What are the pros and cons for using either a linklist
, a linkmap
or an edge
to store relationships between my vertices ?
An edge defines a relationship between two vertices. For example, you define two vertices, Person and Car. You then define an Edge Drives. This edge ties the two vertices together. "Jane" Drives "Ford".
A linklist is a list of classes associated with another class. A Car class might have a linklist of parts from the Part class. A car consists of multiple parts.
A linkmap is a map of key, class values associate with another class. A car class might have a linkmap of PartType, Part. A car consists of multiple parts, which can be grouped by engine, body, chassis, etc.
Quite a bit late for arrival, but I was looking for this answer recently and figured it out a bit clearly.
Links in OrientDB provides the equivalent of foreign-key relations in the relational database world.
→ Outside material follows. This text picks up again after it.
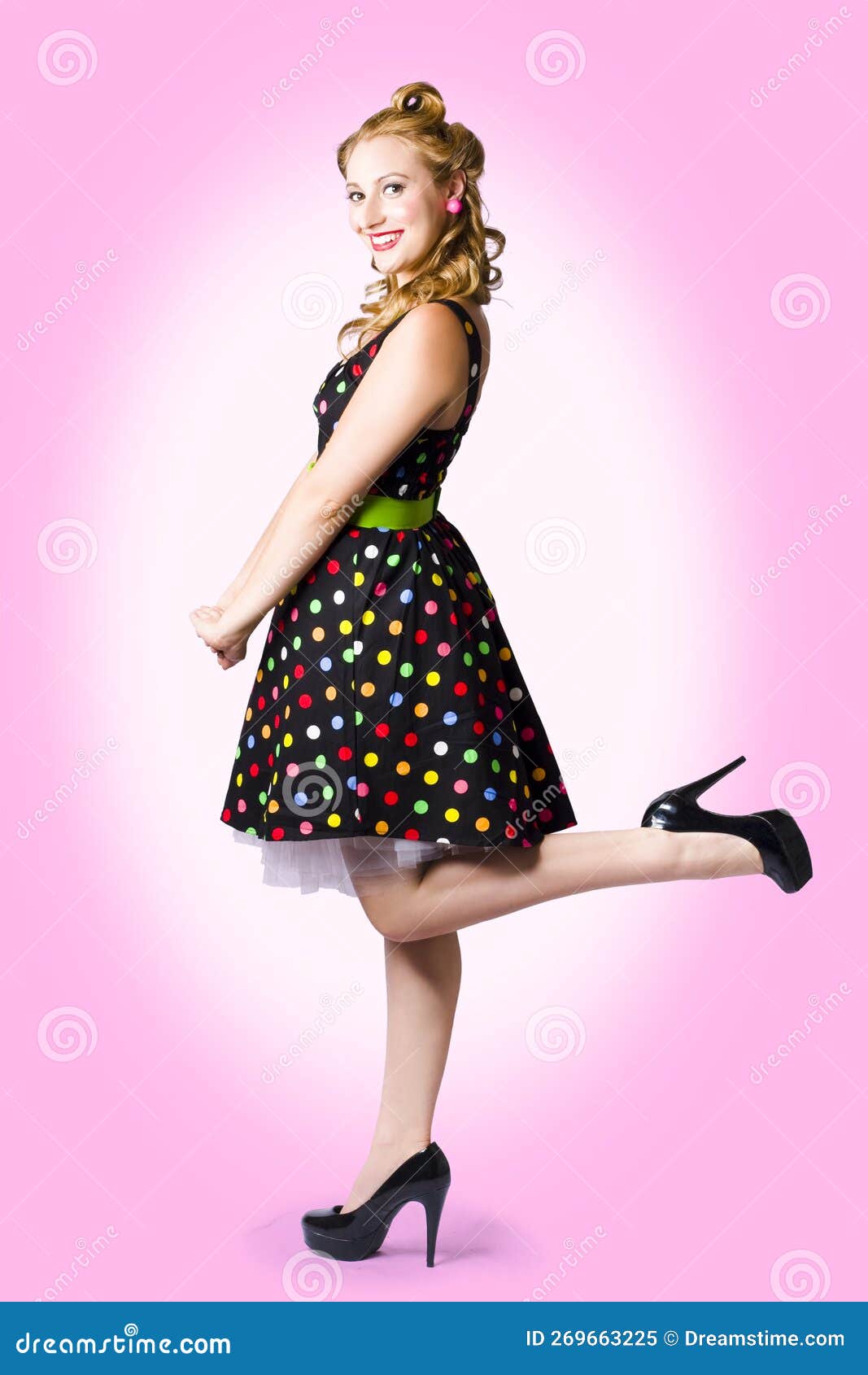 Female woman dressed in a rockabilly fashion posing next to a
If you consider tables as classes then the link connects between two classes
In their 3.0 manual under http://orientdb.com/docs/3.0.x/sql/SQL-Introduction.html and No JOINS section, they state
SELECT * FROM Employee WHERE city.country.name = 'Italy'
What they do not tell you at that point in the manual is that these are from linked tables and not from graph relations.
For this to work in the Graph technique, first you will need to create an edge. I would label that like locatedIn
so
Employee => `locatedIn` => City
And also edges from the City records
City => `ofCountry` => Country
Then the graph based OrientDB query might be.
SELECT * FROM Employee WHERE out(“locatedIn”).out(“ofCountry”) = “Italy”
You might think, this looks a lot more complicated. And it is. But just say at some point later another Edge relation named salesTerrotiry
for this employee
was added by someone else then this can be Traversed and discovered like this
TRAVERSE * FROM Employee MAXDEPTH = 2
And in there you will find that the new salesTerritory
edges will be found. This is where the ad-hoc relationship discoveries to almost any depths are super easy with a Graph DB. Should you have implemented this in a relational database, you will need to explore the schema for new FKs. Doable, but a lot more complicated.